KBO Satreskrim Polres Pelabuhan Tanjung Perak, Ipda Meldy, menjelaskan bahwa motif pembunuhan dipicu oleh persoalan utang-piutang. Korban diketahui memiliki utang sebesar Rp40 juta kepada tersangka.

“Korban dinilai tidak kooperatif saat ditagih dan sempat memblokir nomor tersangka. Hal ini memicu emosi hingga berujung pada aksi penjemputan paksa,” terang Ipda Meldy.

Peristiwa terjadi pada Minggu (18/1/2026) dini hari. Saat korban melintas menggunakan sepeda motor, korban disergap hingga terjatuh, kemudian ditusuk di bagian dada kiri oleh pelaku HS, yang mengakibatkan luka fatal menembus jantung.

Korban sempat berusaha mencari pertolongan sejauh sekitar 100 meter, namun akhirnya meninggal dunia di lokasi kejadian.
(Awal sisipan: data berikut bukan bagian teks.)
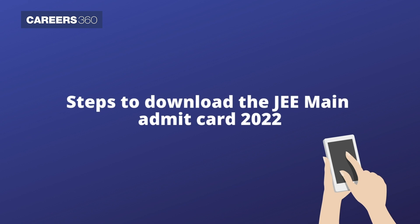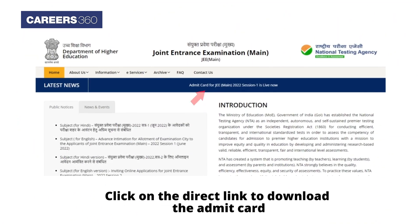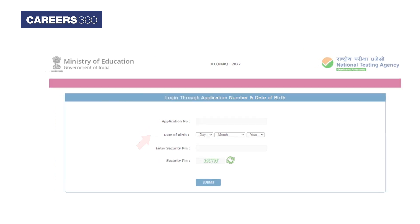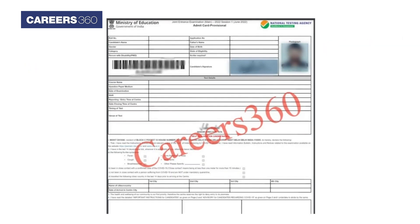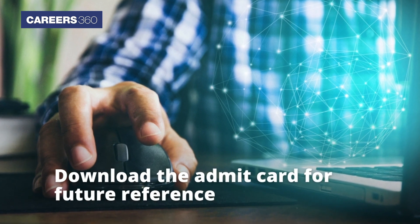Steps to download the JEE Main admit card 2022: Visit the NTA JEE Main official website and click on the direct link to download the admit card. Enter the application number and date of birth in the required fields. Upon successful login, an undertaking form will be displayed on the screen. Submit the undertaking form to download the admit card. Check all the details mentioned in the admit card and download it for future reference.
Polisi turut mengamankan sejumlah barang bukti, di antaranya senjata tajam, pakaian korban, sepeda motor korban, rekaman CCTV, serta mobil Toyota Innova yang digunakan para pelaku.

Polisi Tegaskan Negara Hadir

Melalui pengungkapan dua perkara besar ini, Polres Pelabuhan Tanjung Perak menegaskan bahwa negara hadir dan tidak memberi ruang bagi pelaku kejahatan, baik peredaran narkotika maupun tindak pidana kekerasan.

Penyidikan terhadap kedua kasus tersebut masih terus dikembangkan, termasuk untuk membongkar jaringan narkotika hingga ke pemasok serta memburu pelaku pembunuhan yang masih buron, demi memberikan rasa aman dan keadilan bagi masyarakat.